The batting team for this particular innings is checked to ensure that it is the same in all of the scorecards.

Extras

Checks that the extras listed for the innings match across all of the scorecards. This check requires that all of the different types of extras match, not just the totals.

Totals

The total runs scored, the number of wickets that fell, and whether the innings was declared (for multi-day matches) are compared across the scorecards to ensure that each field matches.

Fall of wicket checks

Number of fallen wickets

Checks that the number of wickets listed in the “fall of wickets” section of the innings matches across sites. I actually do some extra work for this check, due to different ways sites deal with batters who retire hurt. The ICC include such batters in the “fall of wickets” section, but with the number of the wicket that is the same as the previous entry, ESPNcricinfo include the same batter but indicate the reason, while CricketArchive don’t include the retired batter at all. I exclude the retired hurt batters from the ICC and ESPNcricinfo lists to make comparison easier.

Details for each fallen wicket

As well as checking for the number of fallen wickets in an innings I also check the details of each individual fallen wicket entry. This involves checking the wicket number, and score at the time of the wicket, as well as the delivery on which the wicket occurred (if available). For CricketArchive, generally the delivery for the fall of a wicket is recorded in the form 11.5 (or similar), however if the final wicket of an innings falls on the last ball of the final over the delivery is recorded differently with the over number alone being used. I adjust for this in order to make comparisons possible.

Batter checks

Number of batters

The simplest check I do with regards to batters in an innings is to check that the various scorecards have the same number of batters listed for the innings. This doesn’t include any players who didn’t bat simply because they didn’t get in or were absent hurt.

Number of players who did not bat

This check compares the scorecards to ensure that the number of players listed as not having batted in the innings are the same. Absent hurt batters are not included in this. Surprisingly this could be a source of discrepancies between sources, as there isn’t yet an agreed standard for including or excluding players who come into a team as concussion substitutes, some sites including them and some not. For that reason if there is a discrepancy due to that difference in approach (but only for that reason) I don’t regard such discrepancies as actual errors.

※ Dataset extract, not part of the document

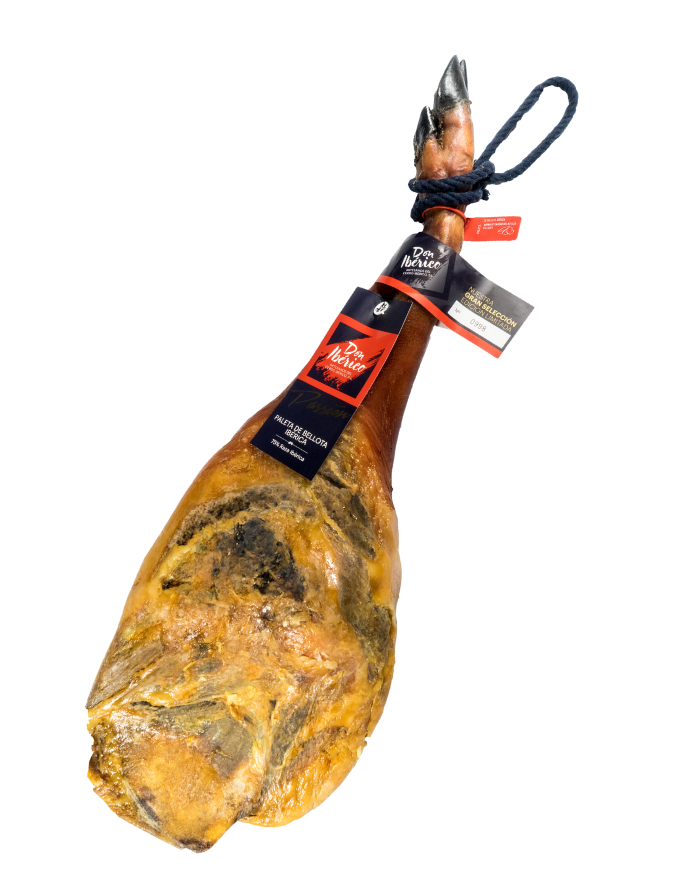 Jamón ibérico de bellota 75% raza ibérica de la marca Monjamon y Más, en lonchas finas sobre fondo blanco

Number of players who were absent hurt

The last batter number-based check is one for the number of absent hurt players in an innings.

Details for each batter

One of the more complicated checks takes place when I validate each batter. Right now I check any batting figures that appear on 2 or more scorecards for the batter, as well as the dismissal method (if the batter was out). Most figures must match exactly, however I do allow a slight leeway (of 0.01 runs) for the strike rate, as different sites use different methods of rounding.

The actual person who batted is also checked to ensure that the scorecards don’t have different players even if the other details match. Doing this alone caused me to start another project to allow people to be easily mapped across sites, and some day soon I’ll release the details of that.

Bowler checks

Number of bowlers

As with batters, the simplest check I do with regards to bowlers in an innings is to check that the various scorecards have the same number of bowlers listed for the innings.

Details for each bowler

As with batters, one of the more complicated checks takes place when I validate each bowler. Right now I check any bowling figures that appear on 2 or more scorecards for the bowler. Most figures must match exactly, however I do allow a slight leeway (of 0.01 runs) for the economy rate, as different sites use different methods of rounding.

The actual person who bowled is also checked to ensure that the scorecards don’t have different players even if the other details match. This follows the same procedure used for the batters.